The larger zodiac tokcha actually has been cast as a tortoise laying on its back with feet protruding from each corner, a tail protruding from the base, and a head leading to the suspension loop. The tortoise is a symbol of power and protection.
The third tokcha has a prominent beak-like protuberance and might have represented the Garuda. It has been drilled with a hole at the top and another at the bottom to allow it to be either suspended as a pendant, attached to clothing, or used to secure an amulet bundle. It has much wear.
Tokchas (also spelt as thokcha, tokche, thogchak, thog-lcag, or thogchag) are small ‘found’ ancient, sacred objects that went on to serve as votive talismans, and which were valued for their magical properties. Usually they are of bronze or copper alloy. Many are believed to also contain some meteoric metal. Tibetans highly prized them and would wear them to protect them and to absorb evil. Usually they were hung from the neck or attached to clothing, but also were sewn onto amulet pouches or attached to religious articles. They were also used by Tibetan shamans – healers, spirit-mediums and magicians – as part of their ‘tools’ of trade.
Particularly effective or powerful tokchas would be sold on or passed down through the generations. Accordingly, genuine and powerful tokchas should show a great deal of wear, as in the case of the example here.
It is likely that many tokchas originally were belt fittings or ornaments either from Tibet or from the Eurasian Steppes and Central Asia or Persia, and were traded into Tibet along Silk Road trading routes. Others were purpose-made as talismans, which explains why some genuine tokchas can be very similar. The traditional belief however, was that tokchas were not made by humans and even that they had simply fallen from the sky.
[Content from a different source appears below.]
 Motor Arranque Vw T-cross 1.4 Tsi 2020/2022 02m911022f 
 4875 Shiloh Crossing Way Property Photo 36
The animal motifs employed in many tokchas suggest a linkage to Tibet’s pre-Buddhist Bon past. (Buddhism was introduced to Tibet in the early 7th century.)
The examples here all have much wear and visible age.
References
Bashkanov, M., M. Bashkanov, P. Petrov, & N. Serikoff, Arts from the Land of Timur: An Exhibition from a Scottish Private Collection, Sogdiana Books, 2012.
Borel, F., The Splendour of Ethnic Jewelry: From the Colette and Jean-Pierre Ghysels Collection, Thames & Hudson, 1994.
Ghose, M. (ed.), Vanishing Beauty: Asian Jewelry and Ritual Objects from the Barbara and David Kipper Collection, Art Institute of Chicago, 2016.
Heller, A., Early Himalayan Art, Ashmolean Museum, 2008.
Henss, M., Buddhist Ritual Art of Tibet: A Handbook on Ceremonial Objects and Ritual Furnishings in the Tibetan Temple, Arnoldsche, 2020.
Reynolds, V. et al, From the Sacred Realm: Treasures of Tibetan Art from the Newark Museum, Prestel, 1999.